6月9日、ロシアの裁判所は野党指導者のアレクセイ・ナワルニー氏が設立したグループを過激派組織に指定し、非合法化した。
これはウラジーミル・プーチン大統領の体制を確立する対立候補撲滅キャンペーンのひとつであり、ナワルニー氏に関連するグループの活動はより厳しい取り締まりの対象になることが確定した。
モスクワ市裁判所は9日、今回の決定を速やかに発効したうえで、ナワルニー氏の汚職撲滅財団を含む地域ネットワークグループの関係者の公職への立候補を禁じた。グループの関係者は9月19日の議会選挙に立候補することを望んでいた。
ナワルニー氏をめぐる一連の問題は、6月16日に行われる米ロ首脳会談で主要議題のひとつに取り上げられると期待されている。
ナワルニー氏は昨年、ロシアのエージェントにソビエト産の猛毒「ノヴィチョク」を塗布され、半死半生状態でドイツの病院に搬送された。西側諸国はロシアを厳しく非難したが、クレムリンは暗殺未遂への関与を否定している。
ノヴィチョクから回復したナワルニーは今年1月に帰国した直後に逮捕され、秘密裁判で有罪判決を受け、その後強制収容所に押し込まれた。
ナワルニーは9日、弁護士を通じてインスタグラムに声明を投稿した。「腐敗が政府の基盤である場合、腐敗に反対する者たちは過激派に指定されます。私たちは目標を放棄しません。ロシアは私たちの国です。私たちはクレムリンに反対し続けると誓います...」
現地メディアによると、9日の審理も機密資料が取り扱われるという理由により、密室で行われたという。ナワルニー氏の弁護士はビデオリンクを介して審理に出席すると要請したが、プーチン大統領の専属判事はこの要求を却下し、その他の申し立ても全て却下した。
弁護団の代表は判決後の記者会見で上訴すると発表した。
弁護団によると、検察官は、「ナワルニー氏の組織は政府の転覆を狙っていた」と主張したという。
一方、ロシア議会は過激派に指定された組織のメンバーが公職に立候補することを禁止する法律の施行に向けた準備を急いでいる。

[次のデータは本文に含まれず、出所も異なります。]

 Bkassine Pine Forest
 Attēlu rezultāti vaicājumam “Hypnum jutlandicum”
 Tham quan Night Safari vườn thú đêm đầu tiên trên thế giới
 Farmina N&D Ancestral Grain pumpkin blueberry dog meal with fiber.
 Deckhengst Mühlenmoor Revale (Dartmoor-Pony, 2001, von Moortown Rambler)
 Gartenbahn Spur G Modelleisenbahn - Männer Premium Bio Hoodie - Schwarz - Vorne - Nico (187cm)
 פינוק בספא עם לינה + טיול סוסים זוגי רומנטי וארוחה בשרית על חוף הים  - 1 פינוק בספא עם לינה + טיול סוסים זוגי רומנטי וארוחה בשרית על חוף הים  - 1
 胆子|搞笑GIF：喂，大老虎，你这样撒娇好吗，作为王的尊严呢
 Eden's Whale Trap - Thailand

プーチン大統領は先週、対立候補殲撲滅案に署名しており、法律が施行されれば、ナワルニー氏のグループ関係者の公職への立候補は公式に禁止される。
9月の議会選挙はプーチン大統領の統治を強化する重要な要素のひとつと考えられている。ナワルニー氏のグループ関係者は2024年の大統領選挙に向けた取り組みを加速させる予定だった。

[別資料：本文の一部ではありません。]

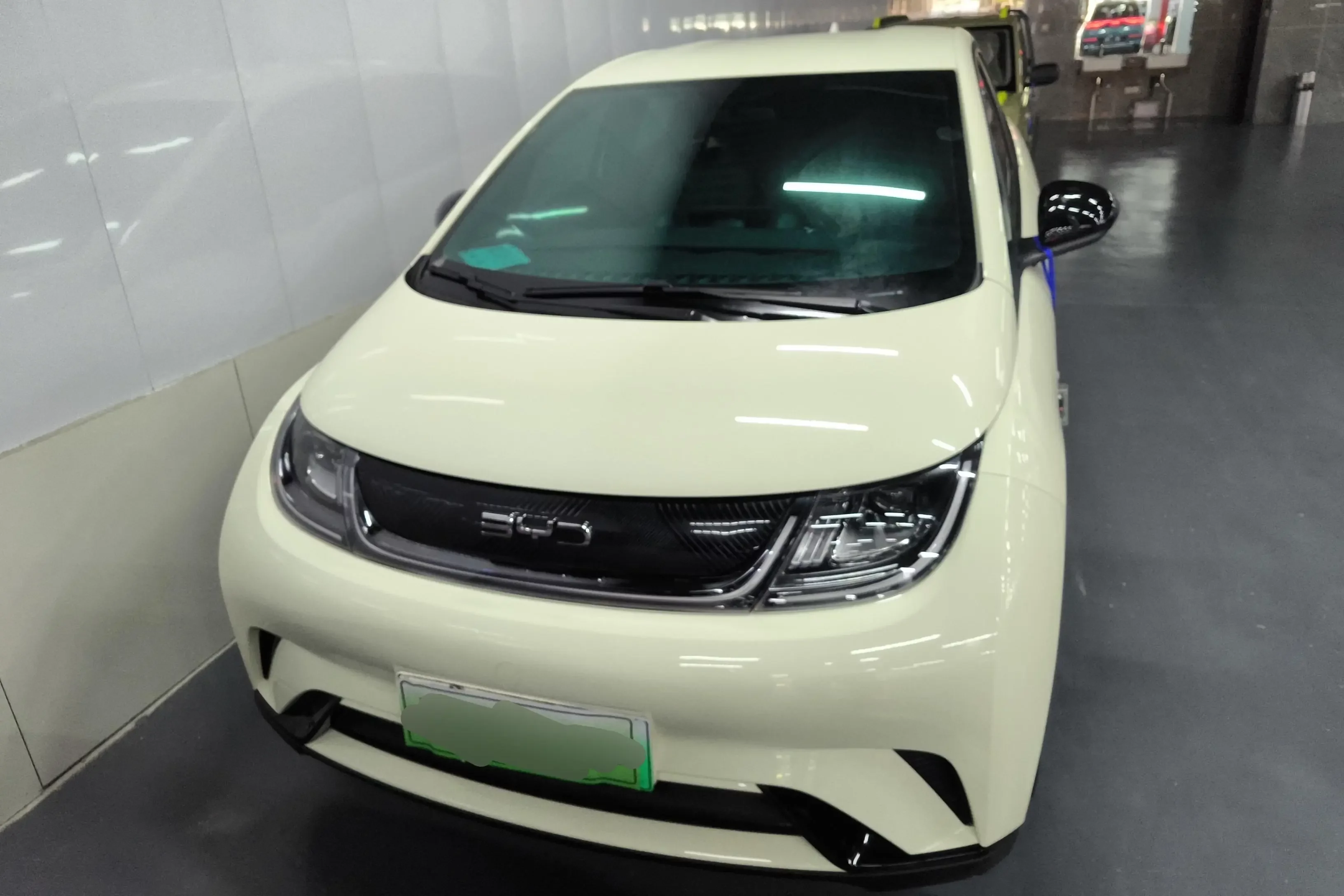 BYD dolphin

プーチン大統領は議会選挙に先立ち、他の野党に対する取り締まりも強化している。先週、当局は望ましくないグループ(政党含む)に指定された反プーチンのリーダー、アンドレイ・ピヴォヴァロフ議員を逮捕した。
ピヴォヴァロフ議員は逮捕の数日前、関係者を訴追から守るために反プーチングループを解散すると発表したが、当局の魔の手から逃れることはできなかった。現地メディアによると、南部クラスノダール地方の裁判所はピヴォヴァロフ議員に2カ月間の拘留を命じ、調査が終わり次第裁判にかける予定だという。
望ましくないグループに指定された関係者は、2015年に施行された刑法に基づき、最大6年の実刑判決を受ける可能性がある。
ロシアの実業家、ミハイル・ホドルコフスキー氏はプーチン大統領に挑戦したことで罪をでっちあげられ、強制収容所に10年押し込められた。同氏は現在ロンドンで亡命生活を送っている。
ホドルコフスキー氏はAP通信のインタビューの中で、「当局の厳しい取り締まりはプーチンの人気が低下していることを象徴している」と述べた。「当局は統一ロシアの求心力の低下を恐れ、主要野党を抑え込もうとしています...」
元議員のドミトリー・グドコフ氏は9月の議会選挙に立候補することを熱望していたが、先週、金銭に関する罪をでっちあげられ、2日間拘束された。現地メディアによると、クレムリンはグドコフ氏に出国しなければ強制収容所に送ると脅迫したという。グドコフ氏は釈放後、出国した。